Flagrant abus de langage que de dire que l'élection présidentielle en Algérie est une élection à trois tours ; c'est aussi un abus de langage évident que d'affirmer que les élections locales du 23 novembre 2017 sont le premier tour de la présidentielle de 2019. Mais il est tout à fait plausible de soutenir que les élections du 23 novembre ont des enjeux présidentiels, et il ne serait pas illogique de déduire que ce sera une élection étape, un rituel duquel émergera un « presque-collège »de grands électeurs ou encore une sorte de processus de pré-qualification, afin de dégager des postulants sérieux pour la prochaine présidentielle.

Sur les vingt dernières années, trois formations restent inexorablement présentes et engrangent, bon an mal an,un peu plus des deux tiers des sièges aux APW comme aux APC. Il y a d'abord le FLN historique, ensuite le RND insatiable et, enfin, les amovibles islamistes globalement embrigadés sous la bannière du HMS.

Le pouvoir accorde une grande importance aux élections locales, notamment celles du 23 courant, pour deux raisons principales : Et d'un, les futurs candidats aux sénatoriales seront puisés de ce même vivier et on connait le rôle des sénateurs dans le soutien indéfectible des projets du pouvoir, et de deux, les futurs élus, aux cotés des magistrats, jouent un rôle déterminant dans la préparation, la tenue et la proclamation des résultats de l'élection présidentielle à venir.

Les résultats de ces électionslocales vont être, en plus, un marqueur de taille sur les plans, déjà convenus ou seulement projetés, puisqu'elles donneront un blanc-seing au vainqueur, du scénario acceptable à adopter pour le feuilleton présidentiel.

La présidentielle de 2019 peut sembler très agitée et quelque peu confuse même pour les cercles les plus avertis.
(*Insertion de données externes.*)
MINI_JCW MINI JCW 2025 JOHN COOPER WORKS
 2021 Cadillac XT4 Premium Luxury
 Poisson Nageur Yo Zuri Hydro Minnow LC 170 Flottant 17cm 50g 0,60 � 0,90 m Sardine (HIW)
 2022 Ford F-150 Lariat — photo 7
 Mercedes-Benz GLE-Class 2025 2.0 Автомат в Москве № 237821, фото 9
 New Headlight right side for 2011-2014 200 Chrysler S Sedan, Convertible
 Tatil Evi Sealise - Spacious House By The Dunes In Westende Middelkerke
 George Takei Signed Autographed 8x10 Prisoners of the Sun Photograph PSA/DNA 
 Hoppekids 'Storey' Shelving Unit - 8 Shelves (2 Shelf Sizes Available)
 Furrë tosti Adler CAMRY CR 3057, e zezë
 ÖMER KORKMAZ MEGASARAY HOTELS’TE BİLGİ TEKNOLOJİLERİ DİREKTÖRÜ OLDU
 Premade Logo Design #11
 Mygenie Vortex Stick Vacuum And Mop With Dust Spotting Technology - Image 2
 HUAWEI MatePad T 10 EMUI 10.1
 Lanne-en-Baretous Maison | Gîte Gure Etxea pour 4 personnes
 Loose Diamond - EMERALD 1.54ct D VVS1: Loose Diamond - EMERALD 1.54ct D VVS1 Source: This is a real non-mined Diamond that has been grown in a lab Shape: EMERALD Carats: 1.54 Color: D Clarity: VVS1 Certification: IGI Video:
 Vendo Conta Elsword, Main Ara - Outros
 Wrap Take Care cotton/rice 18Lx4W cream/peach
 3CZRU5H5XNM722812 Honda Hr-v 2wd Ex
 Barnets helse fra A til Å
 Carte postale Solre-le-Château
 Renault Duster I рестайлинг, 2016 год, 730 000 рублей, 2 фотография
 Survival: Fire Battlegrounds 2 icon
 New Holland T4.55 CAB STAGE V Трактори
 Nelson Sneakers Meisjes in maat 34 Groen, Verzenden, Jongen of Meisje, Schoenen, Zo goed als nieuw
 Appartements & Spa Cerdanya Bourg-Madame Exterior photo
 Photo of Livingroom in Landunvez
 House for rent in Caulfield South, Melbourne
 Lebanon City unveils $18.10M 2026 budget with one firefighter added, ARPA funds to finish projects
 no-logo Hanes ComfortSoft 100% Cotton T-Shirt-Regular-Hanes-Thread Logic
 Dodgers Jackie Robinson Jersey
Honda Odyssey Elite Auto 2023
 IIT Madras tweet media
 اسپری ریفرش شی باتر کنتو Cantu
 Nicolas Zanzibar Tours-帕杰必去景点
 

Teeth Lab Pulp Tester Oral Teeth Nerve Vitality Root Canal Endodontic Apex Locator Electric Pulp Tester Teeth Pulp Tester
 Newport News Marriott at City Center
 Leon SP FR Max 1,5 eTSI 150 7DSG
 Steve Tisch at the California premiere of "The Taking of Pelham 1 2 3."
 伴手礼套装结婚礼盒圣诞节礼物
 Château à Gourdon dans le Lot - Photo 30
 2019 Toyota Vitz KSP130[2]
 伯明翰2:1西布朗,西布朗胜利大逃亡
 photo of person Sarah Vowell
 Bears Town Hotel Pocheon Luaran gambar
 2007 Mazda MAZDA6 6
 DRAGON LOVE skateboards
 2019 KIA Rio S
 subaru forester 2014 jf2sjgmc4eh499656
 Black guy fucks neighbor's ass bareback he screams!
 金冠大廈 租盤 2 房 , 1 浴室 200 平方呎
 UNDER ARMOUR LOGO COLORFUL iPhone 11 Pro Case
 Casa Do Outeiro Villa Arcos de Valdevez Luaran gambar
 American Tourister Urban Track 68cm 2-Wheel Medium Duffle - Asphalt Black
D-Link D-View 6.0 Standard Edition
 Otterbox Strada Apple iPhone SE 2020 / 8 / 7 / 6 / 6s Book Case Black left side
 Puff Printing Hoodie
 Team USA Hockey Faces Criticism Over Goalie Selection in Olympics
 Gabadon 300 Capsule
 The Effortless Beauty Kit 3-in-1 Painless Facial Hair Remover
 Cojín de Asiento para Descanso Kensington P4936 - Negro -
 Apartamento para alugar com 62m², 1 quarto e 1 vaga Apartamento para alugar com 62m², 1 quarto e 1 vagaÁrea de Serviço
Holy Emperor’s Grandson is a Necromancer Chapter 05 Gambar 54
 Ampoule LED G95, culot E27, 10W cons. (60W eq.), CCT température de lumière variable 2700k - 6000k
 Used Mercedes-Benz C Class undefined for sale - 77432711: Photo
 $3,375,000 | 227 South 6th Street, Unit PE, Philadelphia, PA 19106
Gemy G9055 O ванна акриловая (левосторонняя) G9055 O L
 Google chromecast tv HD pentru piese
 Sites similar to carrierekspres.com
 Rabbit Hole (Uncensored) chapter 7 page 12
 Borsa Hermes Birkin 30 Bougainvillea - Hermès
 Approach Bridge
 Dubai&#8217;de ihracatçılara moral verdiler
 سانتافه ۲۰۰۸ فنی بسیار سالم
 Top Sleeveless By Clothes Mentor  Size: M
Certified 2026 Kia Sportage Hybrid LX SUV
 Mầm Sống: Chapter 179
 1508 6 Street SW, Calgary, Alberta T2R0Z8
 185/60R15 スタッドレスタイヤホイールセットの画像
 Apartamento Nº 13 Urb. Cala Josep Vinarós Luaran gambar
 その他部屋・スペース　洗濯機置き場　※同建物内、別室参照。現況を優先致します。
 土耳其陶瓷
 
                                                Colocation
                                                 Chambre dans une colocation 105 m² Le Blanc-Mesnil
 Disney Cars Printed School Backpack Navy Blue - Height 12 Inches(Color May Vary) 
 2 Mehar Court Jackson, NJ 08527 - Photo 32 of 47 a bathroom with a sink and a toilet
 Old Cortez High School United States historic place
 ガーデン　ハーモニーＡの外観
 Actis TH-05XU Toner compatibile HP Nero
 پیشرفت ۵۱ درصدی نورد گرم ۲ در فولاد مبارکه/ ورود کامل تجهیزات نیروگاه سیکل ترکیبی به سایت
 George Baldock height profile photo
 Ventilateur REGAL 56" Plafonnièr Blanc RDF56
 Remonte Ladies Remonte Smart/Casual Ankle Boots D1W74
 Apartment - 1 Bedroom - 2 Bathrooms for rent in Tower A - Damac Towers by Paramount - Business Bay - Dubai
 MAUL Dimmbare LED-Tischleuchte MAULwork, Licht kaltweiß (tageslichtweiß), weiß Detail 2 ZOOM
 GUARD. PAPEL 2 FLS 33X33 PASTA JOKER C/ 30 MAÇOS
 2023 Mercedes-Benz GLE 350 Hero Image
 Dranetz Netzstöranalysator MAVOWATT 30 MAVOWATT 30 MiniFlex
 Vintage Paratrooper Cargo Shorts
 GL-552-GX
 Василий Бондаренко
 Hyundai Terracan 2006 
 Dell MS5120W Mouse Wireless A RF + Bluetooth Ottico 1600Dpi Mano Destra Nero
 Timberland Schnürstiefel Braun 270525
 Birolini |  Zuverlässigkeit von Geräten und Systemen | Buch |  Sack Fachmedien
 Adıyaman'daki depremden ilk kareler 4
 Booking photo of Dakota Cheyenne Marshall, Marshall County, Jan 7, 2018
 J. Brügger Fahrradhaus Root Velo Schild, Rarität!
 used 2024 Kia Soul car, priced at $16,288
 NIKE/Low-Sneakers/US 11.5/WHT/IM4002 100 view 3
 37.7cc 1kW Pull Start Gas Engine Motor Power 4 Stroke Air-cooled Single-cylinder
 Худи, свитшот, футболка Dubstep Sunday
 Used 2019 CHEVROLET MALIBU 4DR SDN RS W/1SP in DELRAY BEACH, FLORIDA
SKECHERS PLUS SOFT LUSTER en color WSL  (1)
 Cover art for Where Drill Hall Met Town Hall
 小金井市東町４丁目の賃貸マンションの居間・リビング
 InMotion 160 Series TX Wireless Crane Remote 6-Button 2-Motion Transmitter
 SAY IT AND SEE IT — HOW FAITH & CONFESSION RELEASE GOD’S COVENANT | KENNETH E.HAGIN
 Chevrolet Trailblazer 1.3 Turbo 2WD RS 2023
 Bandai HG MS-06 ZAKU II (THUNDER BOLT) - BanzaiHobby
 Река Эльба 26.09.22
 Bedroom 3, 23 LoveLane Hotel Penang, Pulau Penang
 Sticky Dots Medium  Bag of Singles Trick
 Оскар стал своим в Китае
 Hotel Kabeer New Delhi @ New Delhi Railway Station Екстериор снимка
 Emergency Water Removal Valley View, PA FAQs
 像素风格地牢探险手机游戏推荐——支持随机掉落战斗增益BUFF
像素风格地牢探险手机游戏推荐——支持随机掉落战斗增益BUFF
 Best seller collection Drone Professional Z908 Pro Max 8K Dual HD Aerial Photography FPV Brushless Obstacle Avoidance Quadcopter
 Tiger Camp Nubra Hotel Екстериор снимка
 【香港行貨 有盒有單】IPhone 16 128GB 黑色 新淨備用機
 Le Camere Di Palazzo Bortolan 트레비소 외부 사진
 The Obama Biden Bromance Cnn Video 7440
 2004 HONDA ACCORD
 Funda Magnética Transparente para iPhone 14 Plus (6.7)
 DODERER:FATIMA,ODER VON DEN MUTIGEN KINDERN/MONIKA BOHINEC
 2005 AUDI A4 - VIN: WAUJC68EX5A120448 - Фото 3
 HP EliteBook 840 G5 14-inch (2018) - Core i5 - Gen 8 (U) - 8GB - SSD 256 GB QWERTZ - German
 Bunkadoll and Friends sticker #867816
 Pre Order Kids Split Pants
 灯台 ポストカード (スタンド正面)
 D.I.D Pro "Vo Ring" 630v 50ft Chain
Pourtant le spectre des scénarios possibles n'est pas aussi vaste qu'on pourrait imaginer, ni les noms des prétendants indéfinis. Ainsi, à moins d'un dérapage incontrôlé ou d'un évènement extérieur grave qui pourraient avoir un impact significatif sur l'échiquier politique, les plans et trames arrêtés demeurent inchangeables et inchangés.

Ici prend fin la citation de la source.